Exercise instructions ▸
Your answer should be the lines below from the one with "Now we're gonna" to the one with "Welcome back. Today", both included, given again exactly and with nothing added.

Input ▸
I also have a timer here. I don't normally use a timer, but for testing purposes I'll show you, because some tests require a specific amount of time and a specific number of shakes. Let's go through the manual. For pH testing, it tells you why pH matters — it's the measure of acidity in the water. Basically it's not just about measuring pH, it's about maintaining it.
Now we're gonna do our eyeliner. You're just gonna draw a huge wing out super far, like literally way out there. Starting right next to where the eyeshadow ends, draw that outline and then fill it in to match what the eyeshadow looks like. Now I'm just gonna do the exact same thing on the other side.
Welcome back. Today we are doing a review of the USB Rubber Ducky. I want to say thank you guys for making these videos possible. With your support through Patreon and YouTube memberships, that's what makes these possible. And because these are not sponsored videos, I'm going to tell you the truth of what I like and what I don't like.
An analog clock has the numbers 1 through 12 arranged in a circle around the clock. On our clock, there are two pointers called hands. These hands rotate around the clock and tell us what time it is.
==
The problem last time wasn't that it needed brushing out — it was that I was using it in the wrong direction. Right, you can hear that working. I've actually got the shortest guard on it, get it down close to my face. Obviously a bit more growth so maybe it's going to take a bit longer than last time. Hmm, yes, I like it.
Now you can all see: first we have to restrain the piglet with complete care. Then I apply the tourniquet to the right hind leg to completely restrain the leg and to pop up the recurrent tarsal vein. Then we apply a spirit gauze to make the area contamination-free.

Solution below ▸
Now we're gonna do our eyeliner. You're just gonna draw a huge wing out super far, like literally way out there. Starting right next to where the eyeshadow ends, draw that outline and then fill it in to match what the eyeshadow looks like. Now I'm just gonna do the exact same thing on the other side.
Welcome back. Today we are doing a review of the USB Rubber Ducky. I want to say thank you guys for making these videos possible. With your support through Patreon and YouTube memberships, that's what makes these possible. And because these are not sponsored videos, I'm going to tell you the truth of what I like and what I don't like.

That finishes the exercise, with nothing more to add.